Voter rights advocates, in a federal complaint, allege serious flaws at the Wisconsin Department of Motor Vehicles in the process for providing the photo IDs needed to vote in the state. As part of the voter ID law signed by Gov. Scott Walker, people are supposed to be able to request a free photo card from the DMV under certain circumstances. However, according to One Wisconsin Institute, bureaucratic delays and improper denials are preventing people from obtaining the IDs they need to vote. “There has been a comprehensive, systematic effort in Wisconsin to make voting harder and more complicated for targeted populations by Republican politicians attempting to gain an unfair partisan advantage,” Scot Ross, One Wisconsin Institute executive director, said in a news release. “The documented failures of the DMV to provide legal voters with the ID they now need to exercise their right to vote is yet another sad episode in the assault on democracy underway in Wisconsin.”
The complaint, filed in federal court in Madison, outlines more than a dozen policies making voting in Wisconsin more challenging for eligible citizens.

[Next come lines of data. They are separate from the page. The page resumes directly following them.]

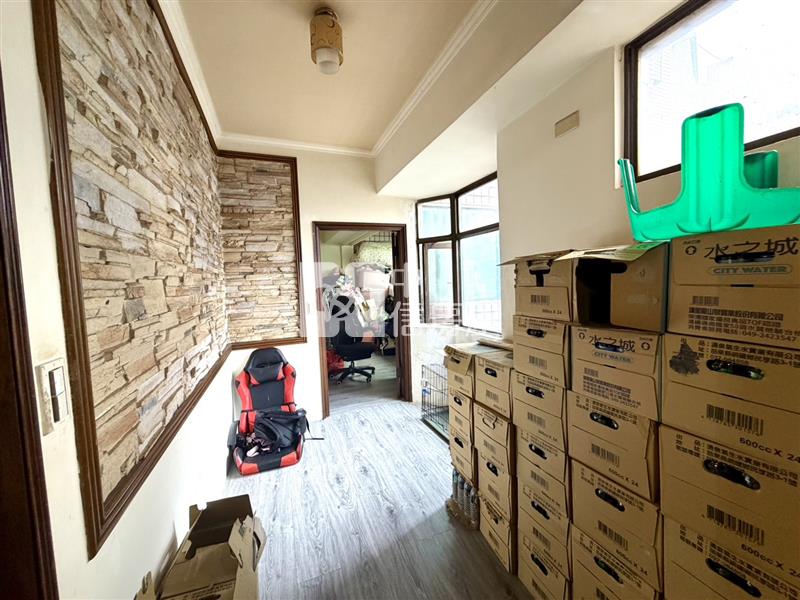 大溪市區高樓層大坪數五房雙車-兩戶打通房屋室內格局與周邊環境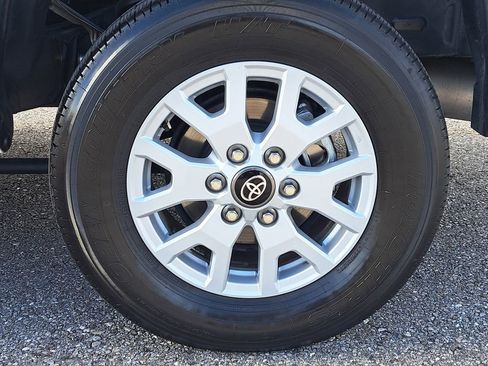 Certified 2024 Toyota Tacoma SR5 image 5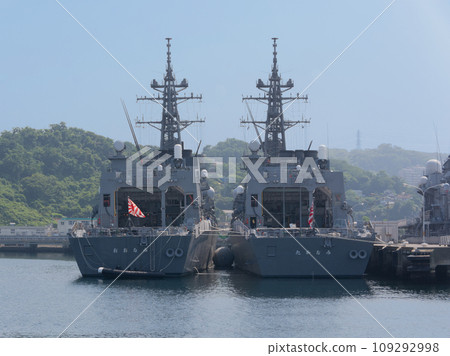 海上自衛隊護衛艦高波號、大波號停泊 109292998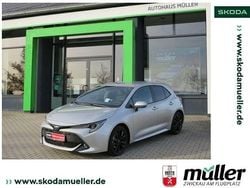 Silber (precious silver) Gebraucht 2019 Toyota Corolla Hybrid Club Limousine | 20.699 € (Guter Preis)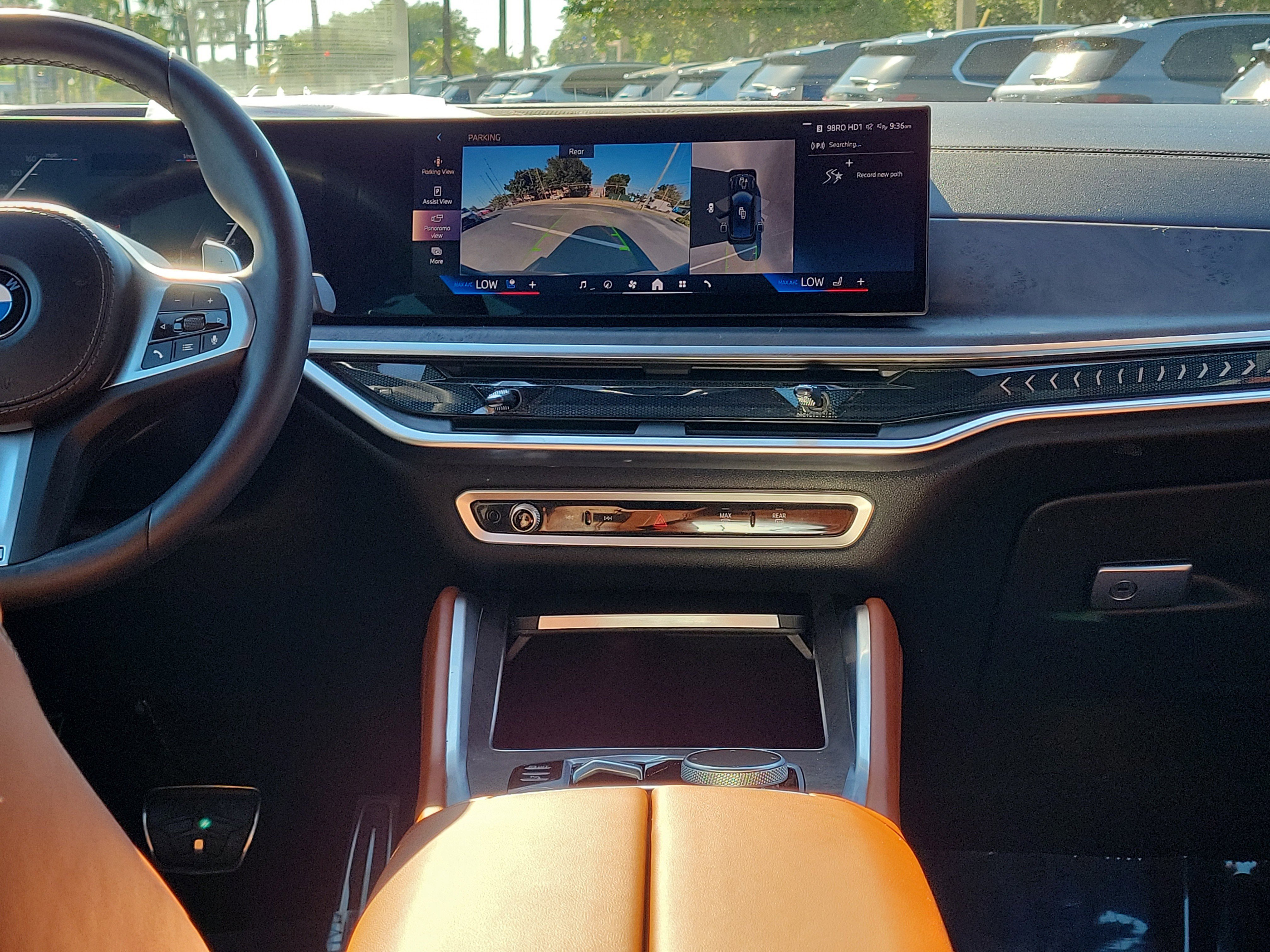 Used 2025 BMW X6 xDrive40i AWD/4WD image 17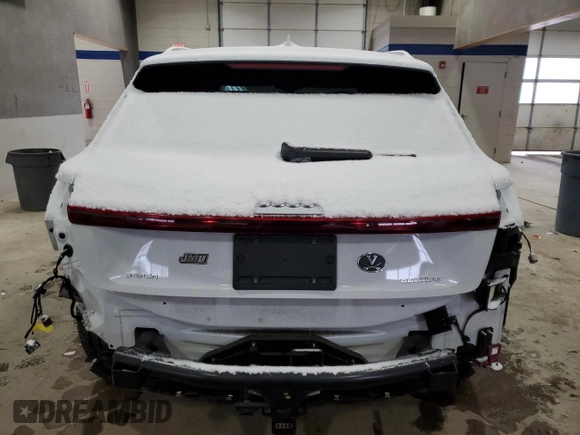 2021 Audi e-tron Premium Plus с VIN WA1LAAGE9MB003971, выставлен на аукционе Copart как лот 45421695 с пробегом 19 940 миль миль и Списание • Salvage title. История ставок и продаж доступна на DreamBid. Изображение 6.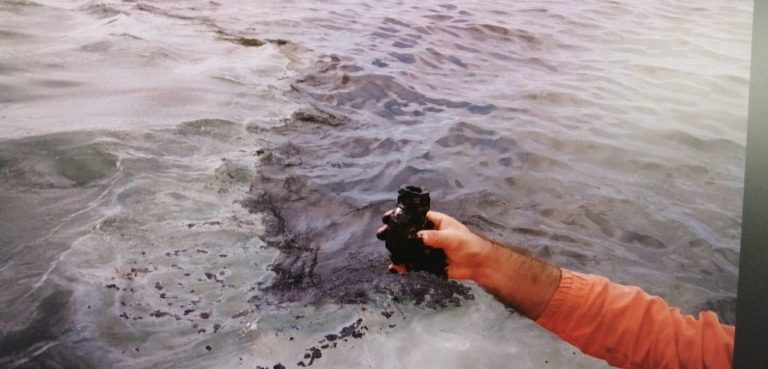Las autoridades dan por eliminadas las manchas de fuel provocadas por un emisario submarino en la ría de Arousa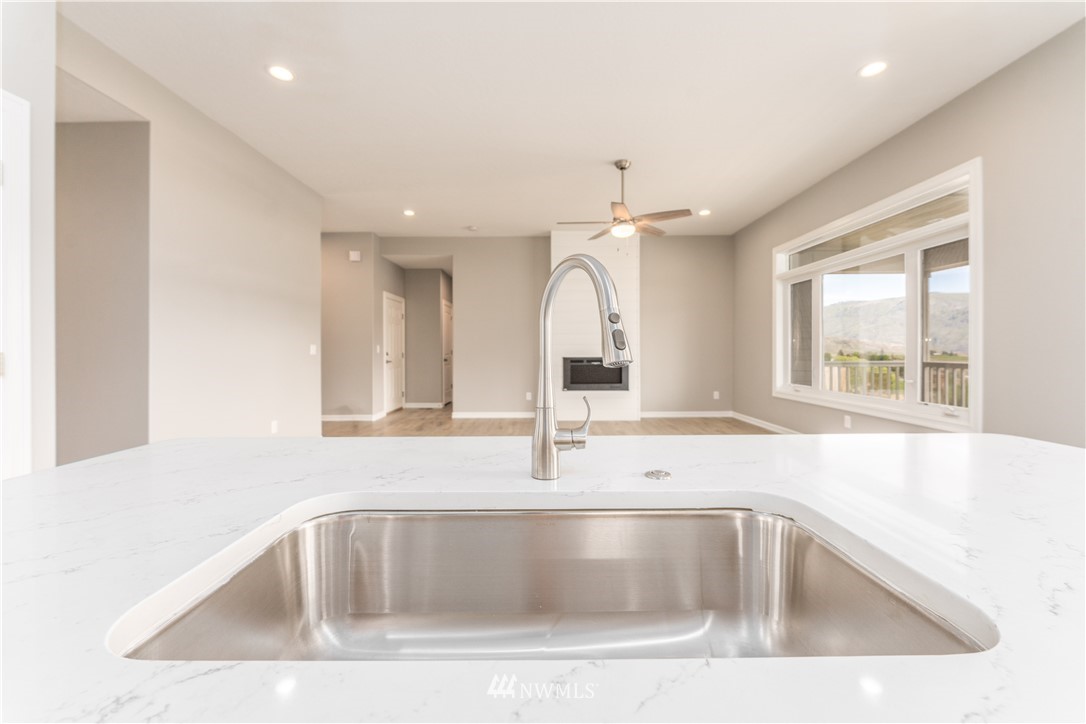 482 Sunny Brooke Lane Chelan WA 98816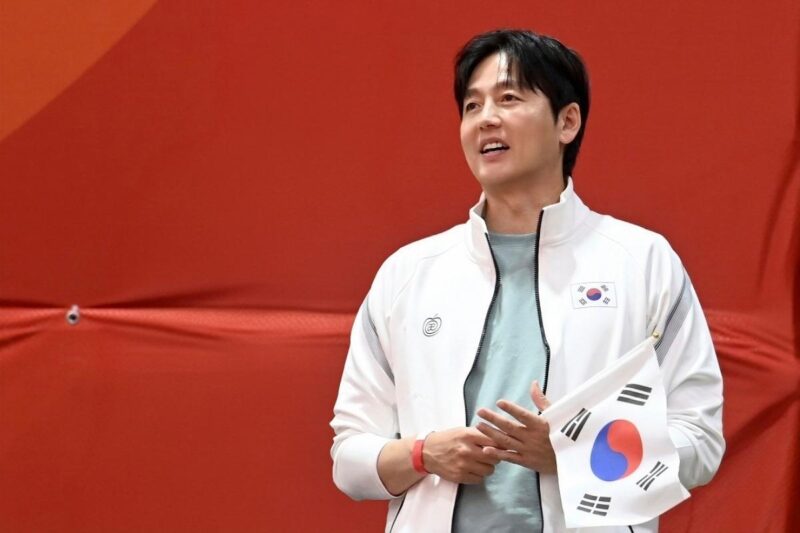 俳優イ・ジョンジン、太極旗を掲げる…写真公開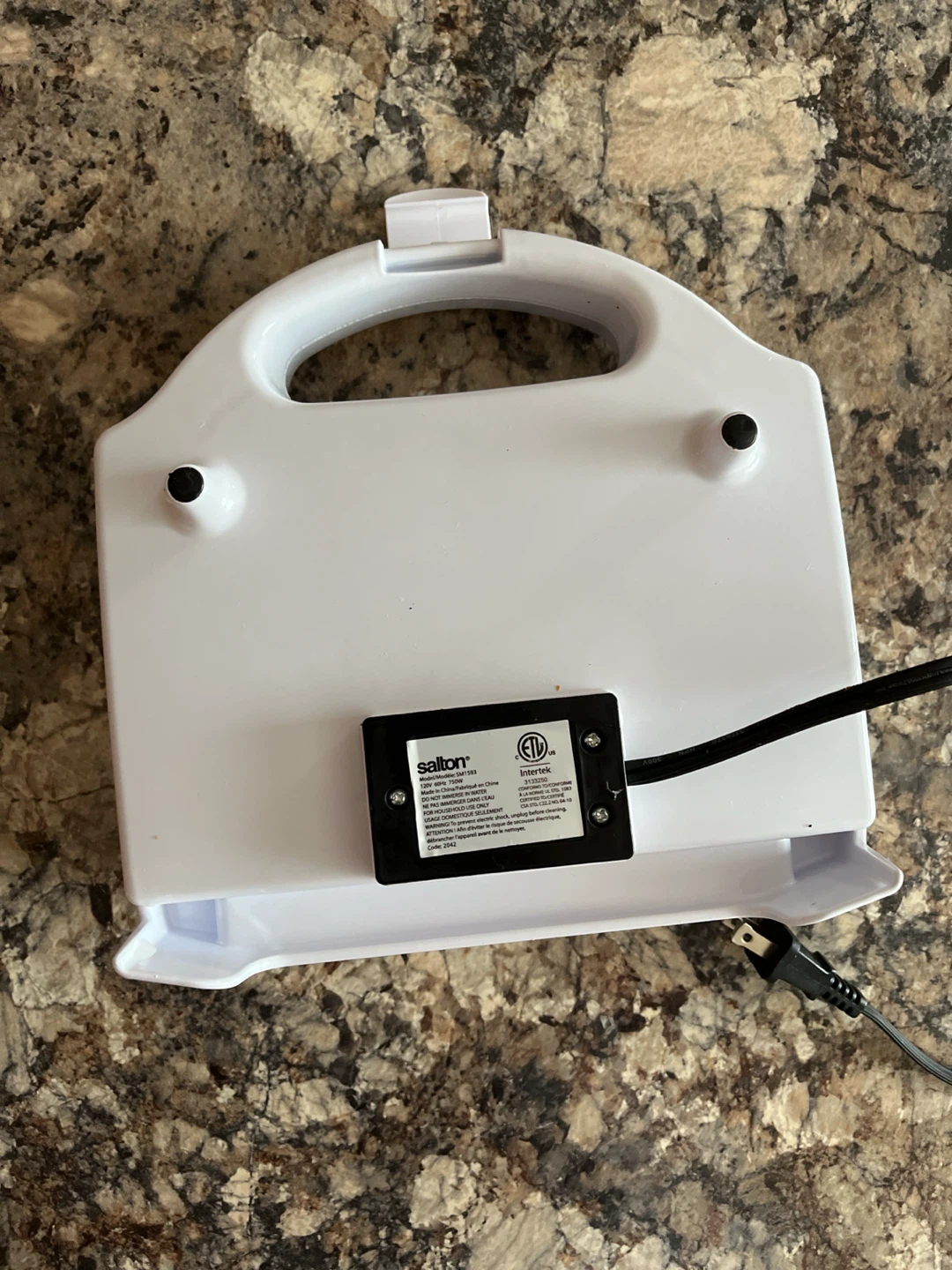 Salton Sandwich Maker - photo 3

The lawsuit seeks to strike down various restrictive voting measures put in place by Walker and the Republican State Legislature since 2011.
The complaint notes the state supreme court has held that the DMV had to exercise its discretion under the “extraordinary proof” petition process to permit voters to obtain exemptions for having to pay for birth certificates or other government records needed to obtain voter ID.